An interesting link - http://en.wikipedia.org/wiki/Content-based_image_retrieval (CIBR)

Update 2013.03.31

Big Picture Link

Although not very visually exciting, I've made progress.  In the above picture the Tracking is looking for foreground objects, but will save background objects off to Cortex.  The part that has been updated is Cortex now can pull off one of the saved background images and run through further processing simultaneously.  So although I was stationary enough to become "background" and was hidden from tracking, the Cortex still found my face.  At this point the Cortex should tell tracking  were to set 2 LK points to track (corner of eyes are usually good).  Additionally it will take snapshots of the bounding box area to save as templates for template matches.  This should help in Face Identification in addtion to Face Detection.

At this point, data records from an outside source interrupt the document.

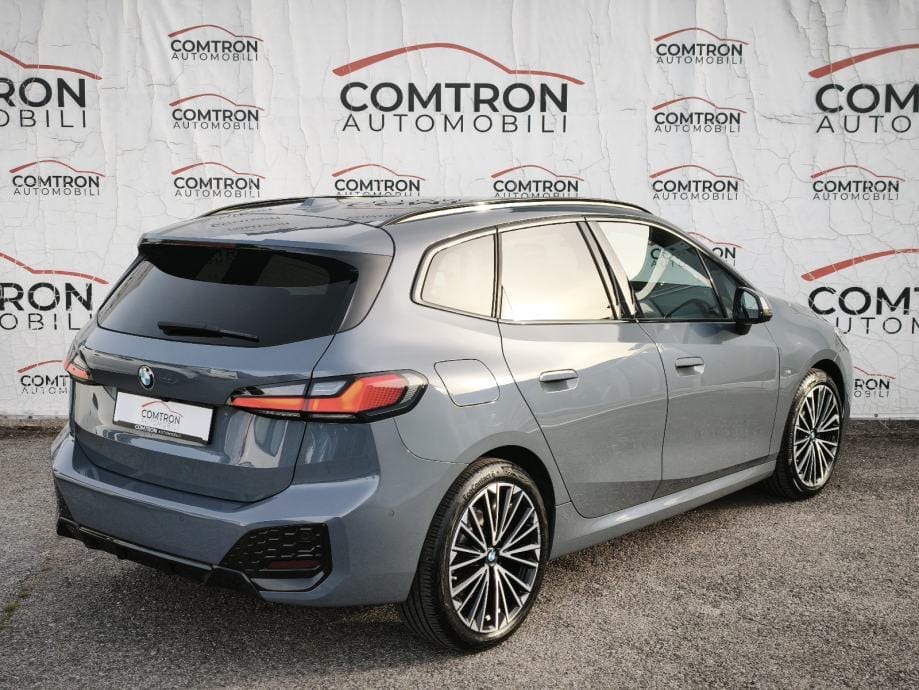 BMW 218i Active Tourer M Sport Connected Professional, 2024 god. - 8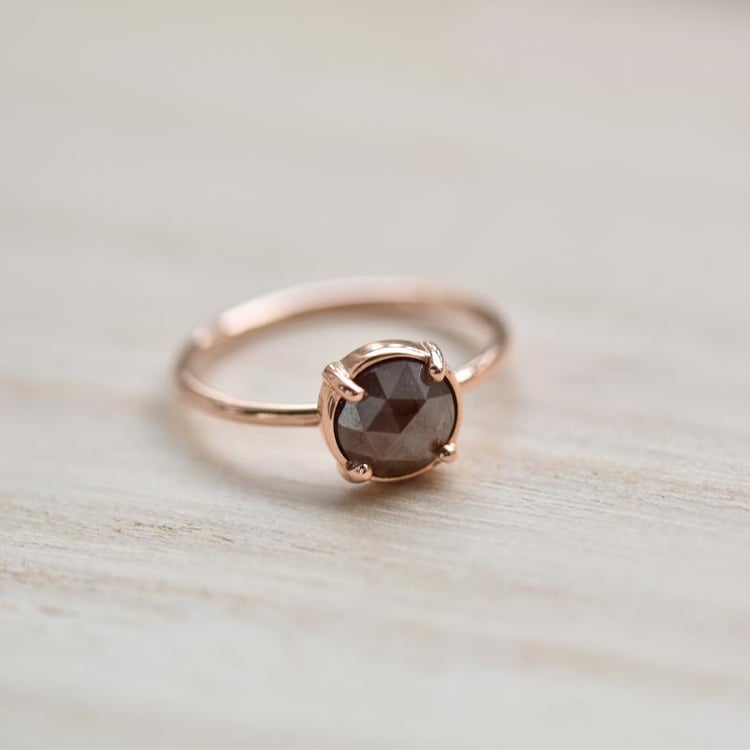 Goldener Ring mit Diamant im Rosenschliff Vertius 38073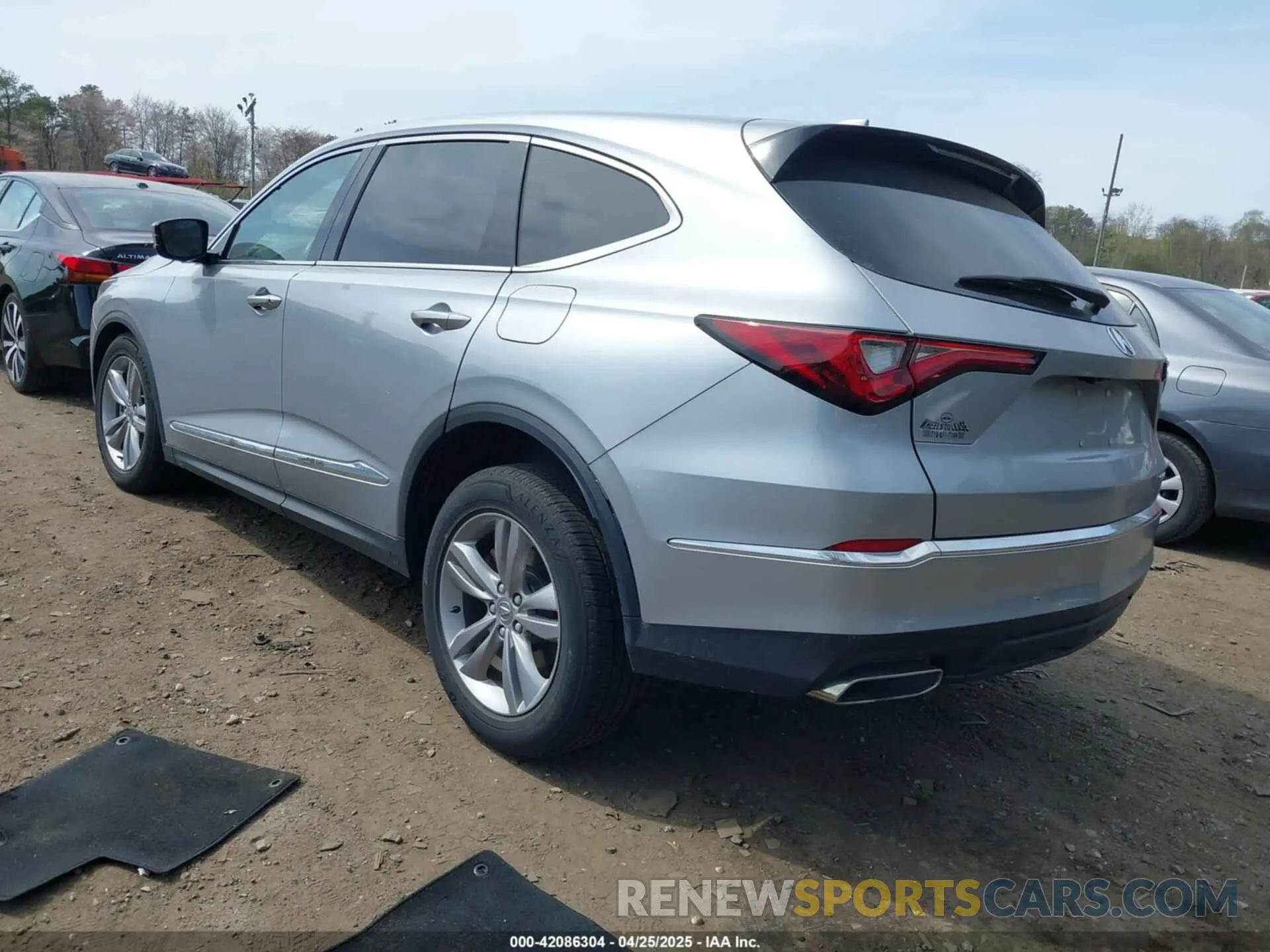 3 Фотография поврежденного автомобиля 5J8YE1H35PL009408 ACURA MDX 2023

If you look at the Big Picture Link you can see some of the structure of the implemented memory.  Part of memory is building up context.  When a face is found it will be sent to the /processed/faces node - You can see 2 background image nodes - copies of these nodes have been processed and put under faces - since faces were found in them.  You can also see a bazillion /unprocessed/foreground objects - heh, that's something I have to fix.  Each Image node is currently has a timestamp name, but it can also be indexed under location.  This will be important when the concept of "last known location" on a pan tilt kit is wanted. "Known" versus "Unknown" seems to be very basic branch of context.


Update 2013.03.28

 

The data structures for the memory and the display of memory are now pretty solid.  It's a Radix Tree structure implemented with a String keys and Object values.  This means, it is very quick to lookup a node, and the node can contain any type of data.  Additionally, I made the interface accept a simple XPath notation.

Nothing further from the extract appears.